What the task asks: Among the entries below, only the lines from the one with "Der Unsterbliche Zhang" through the one with "Wabi-sabi Art Brown" are wanted, reproduced exactly. Pictures are not wanted.

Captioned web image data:
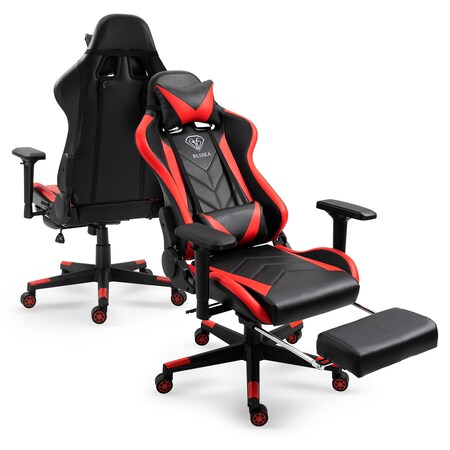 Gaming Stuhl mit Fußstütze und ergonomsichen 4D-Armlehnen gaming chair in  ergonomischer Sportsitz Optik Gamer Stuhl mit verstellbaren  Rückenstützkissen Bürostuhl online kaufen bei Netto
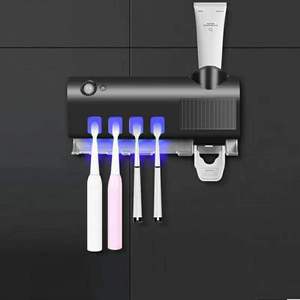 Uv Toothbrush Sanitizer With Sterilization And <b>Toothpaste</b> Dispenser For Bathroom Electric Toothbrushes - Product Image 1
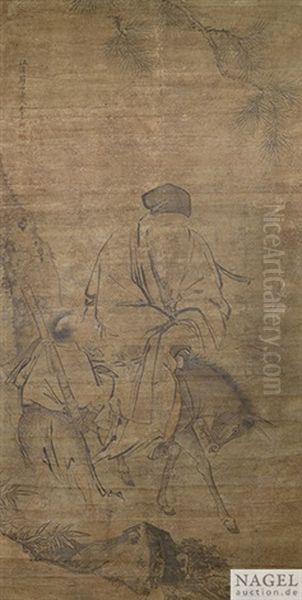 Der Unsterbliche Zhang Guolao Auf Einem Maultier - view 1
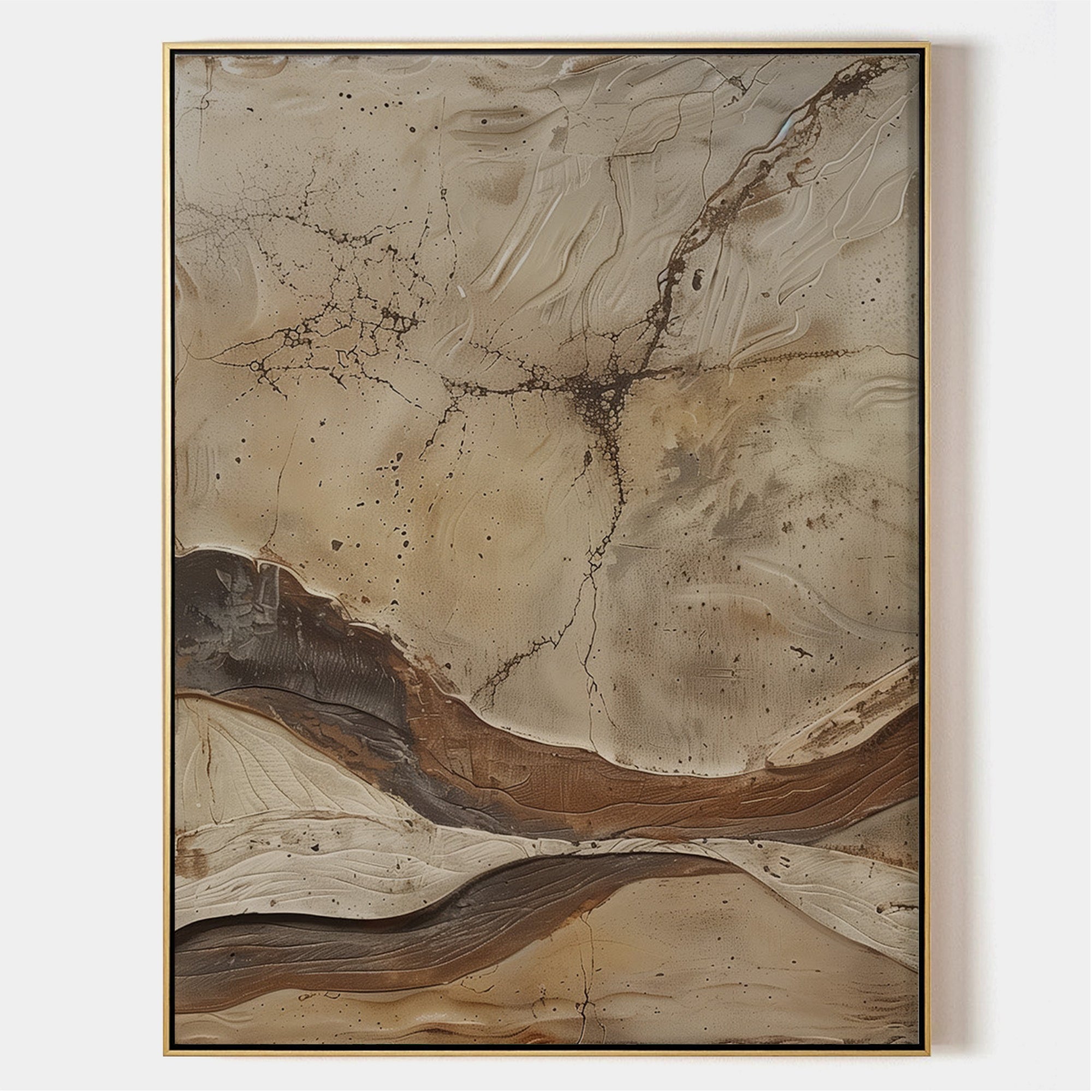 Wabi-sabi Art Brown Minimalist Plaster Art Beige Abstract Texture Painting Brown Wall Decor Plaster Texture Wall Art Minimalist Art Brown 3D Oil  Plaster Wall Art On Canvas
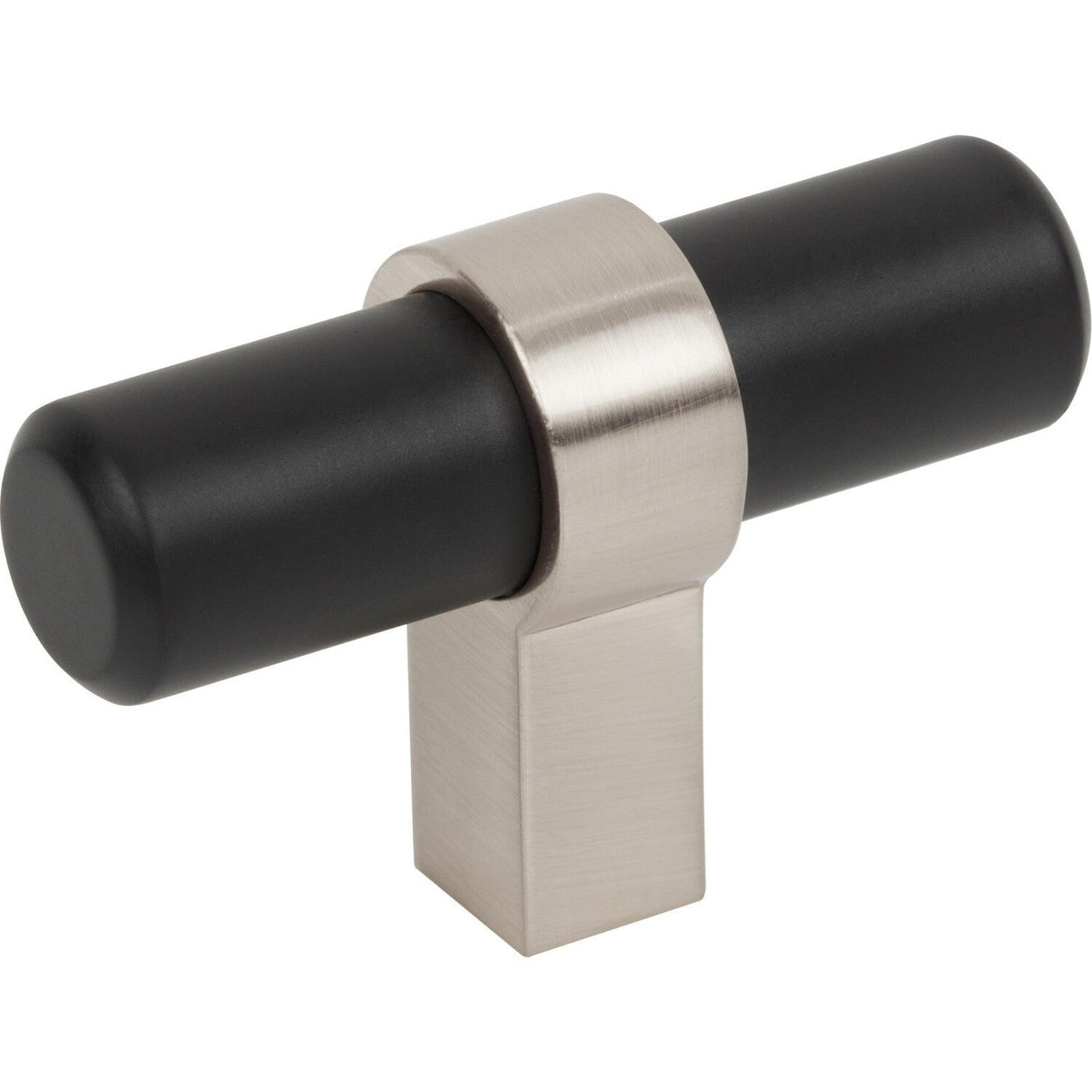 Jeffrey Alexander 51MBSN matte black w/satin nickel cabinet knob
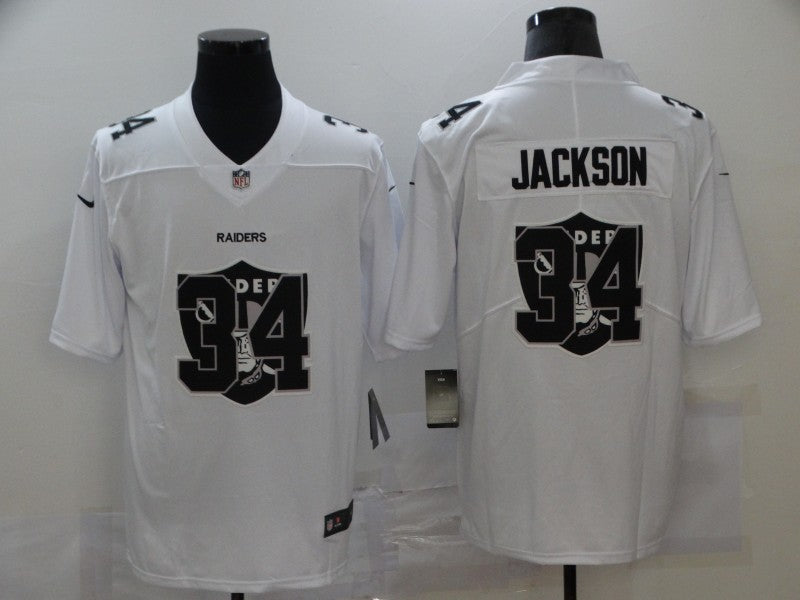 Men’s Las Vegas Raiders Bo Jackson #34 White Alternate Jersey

Written reply:
 Der Unsterbliche Zhang Guolao Auf Einem Maultier - view 1
 Wabi-sabi Art Brown Minimalist Plaster Art Beige Abstract Texture Painting Brown Wall Decor Plaster Texture Wall Art Minimalist Art Brown 3D Oil  Plaster Wall Art On Canvas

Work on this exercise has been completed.